In the overall cohort (n=43), best overall response included two patients (5%) with complete response, 20 (47%) patients with confirmed partial response, 12 (28%) of patients with stable disease, and nine (21%) patients with progressive disease (figure 2A). The median duration of response was 8·1 months (range 6·0–10·0). Eleven (26%; 95% CI 14–41) of 43 patients had a durable objective response for longer than 6 months after the single priming dose of 177Lu-PSMA-617. Among the 11 patients with visceral metastases (liver metastases [n=4] n=4 lung [n=4], and other [n=3]), five (45%; 17–77) patients had an objective response, including two of four patients with liver metastases, and one of four patients with lung metastases.
19 (44%; 95% CI 29–59) of 43 patients had a PSA50 response and seven (16%; 5–27) of 43 patients had a PSA90 response (figure 2B). 38 (88%) of 43 patients had a PSA progression event; the median PSA progression-free survival was 3·5 months (95% CI 2·1–4·9).
39 (91%) of 43 patients had a radiographical progression event. The median progression-free survival was 6·9 months (95% CI 3·9–7·0), and 22 (51%; 35–67) of 43 patients were alive and progression free at 6 months (figure 2C). No marked differences were identified in tumour regression or PSA50 response (figure 2), nor significant differences in radiographical progression-free survival, by treatment schedule (data not shown). 14 (33%) of 43 patients had a symptomatic skeletal related event; the median time to SSRE was 24·7 months (20·7–not reached [NR]).
Subsequent anti-cancer therapies are summarised in the appendix (p 4). 16 (37%) of 43 patients died during follow-up. The median overall survival was 28·2 months (95% CI 20·4–40·0).

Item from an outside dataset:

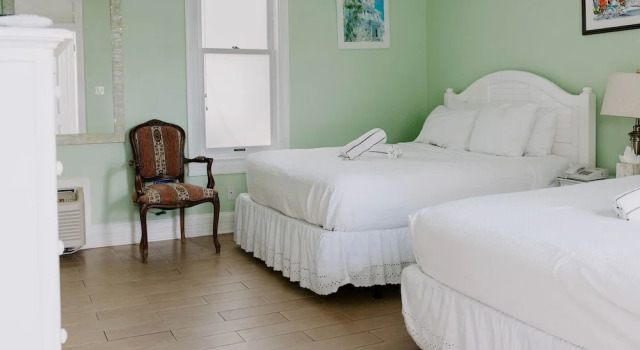 Четырёхместный номер Standard Цокольный этаж с видом на бассейн Amsterdam's Curry Mansion Inn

All patients who had an objective response had tumours that were microsatellite stable and had a low mutational burden on targeted somatic genomic sequencing (data not shown). Three patients harboured somatic pathogenic mutations in the homologous recombination deficiency pathway (BRCA2, BRCA1, and PALB2), of whom two (67%) had both PSA50 and objective response.
Seven patients had one or more PSMA-negative soft tissue lesion on PET at enrolment. Three (43%) of seven patients had clinical benefit (two with stable disease for >6 months, one with confirmed objective response).
91 evaluable metastatic soft tissue lesions were identified. Baseline maximum standardised uptake value (SUVmax) on PSMA PET negatively correlated with percentage change in size of target lesions by cross-sectional imaging (β=−5·17×10−3, 95% CI [−8·69×10−3 to −1·64×10−3], t(48)=−2·95, p=0·01; standardised β coefficient=−0·39, 95% CI −0·66 to −0·12]; figure 3A). Among the subset of measurable soft tissue lesions with a SUVmax of 20 or less, 13 (29%; 16 to 44) of 45 lesions decreased by more than 30% in maximal diameter by cross-sectional imaging.
Figure 3: Percentage change in lesion diameter on conventional imaging by uptake on baseline PSMA PET (A) and patterns of uptake at baseline and at progression on PSMA PET (B).
The association between maximum percentage change in measurable soft tissue lesions and uptake on baseline PSMA PET was investigated by fitting a linear mixed model to predict the maximal percentage change in the diameter of soft tissue lesions by cross-sectional imaging with baseline SUVmax on PSMA PET. Each colour represents lesions from individual patients enrolled in the study. PSMA=prostate-specific membrane antigen. PET=positron emission tomography. SUVmax=maximum standardised uptake value.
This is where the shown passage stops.